The auditor must confirm the fact that he/she has taken on the assignment.
A limited company can choose to have an accountant
If your company has an accountant, it has to be registered in The Central Coordinating Register for Legal Entities. The register has to be notified if there is any change of accountant. It is only possible to register authorized accountants who are registered in the Register of Accountants.
The accountant must confirm the fact that he/she has taken on the assignment.
A limited company can choose to have a general manager, contact person or a business manager
In principle only one of the roles can be registered. However, if the business manager is a legal person, the company has to report a natural person as general manager or contact person, in addition.
The board employs the general manager.

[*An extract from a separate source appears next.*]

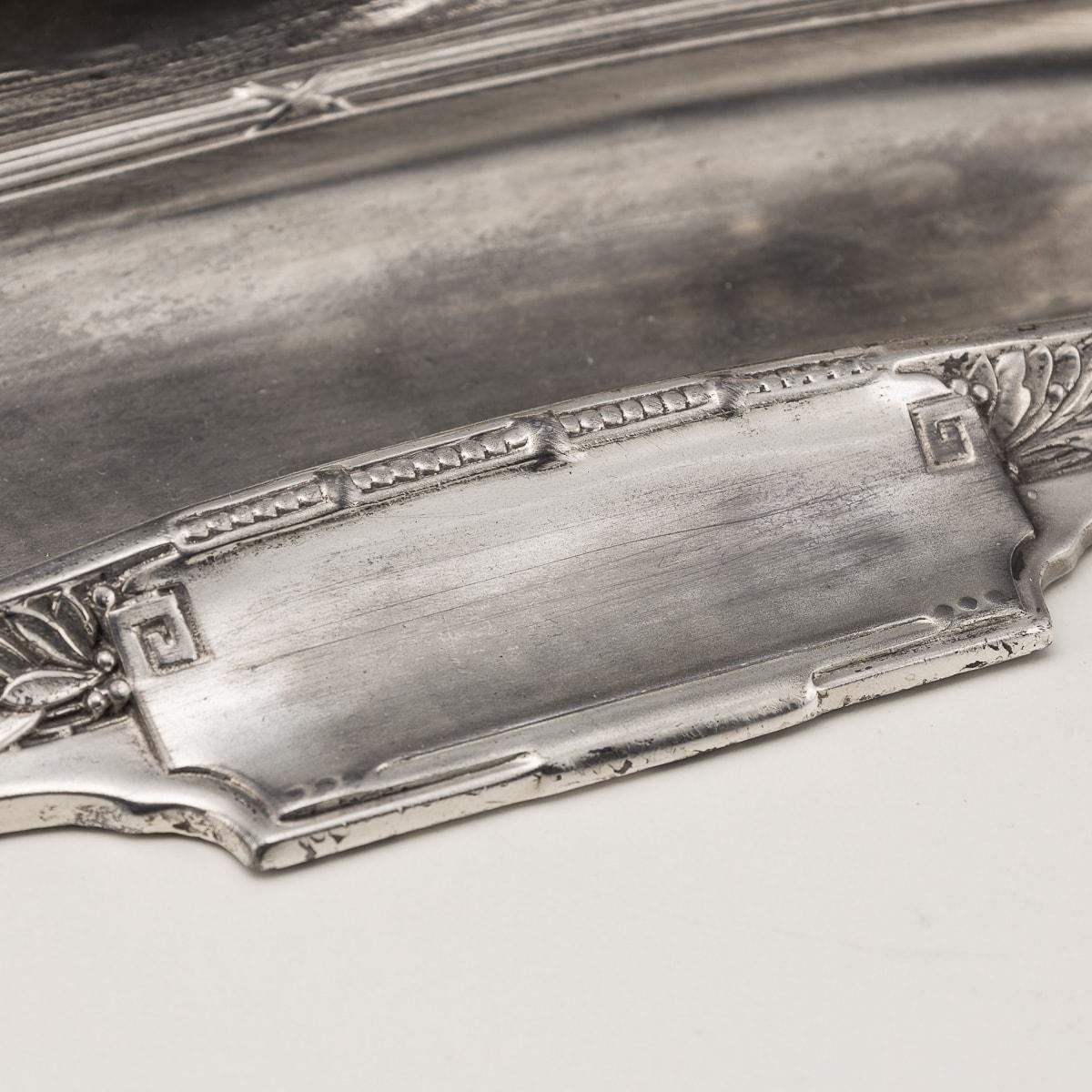 A 20th Century German Silver Plated Novelty Racing Car Inkwell c.1930 3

The company may have several general managers, if it is stated in the articles of association.
The general manager must be a Norwegian resident, or a citizen of an EU/EEA- country.
A signature right is an authorization to act and sign on behalf of the company in all matters.
Unless otherwise provided for in the articles of association, it is the board as a whole that represents the company.
The board can authorize selected board members, the general manager or designated employees to act on behalf of the company.
Signature rights can be withdrawn at any time.
Power of procuration is an authorization to act and sign on behalf of the company
A person with power of procuration is called a proxy.
A proxy cannot encumber or sell the company’s real property.
A proxy cannot assign his or her power of procuration to another person. A limited company can issue power of procuration to one or more people. If there are several people, they may be empowered to use it jointly or separately.
Powers of procuration can be withdrawn at any time.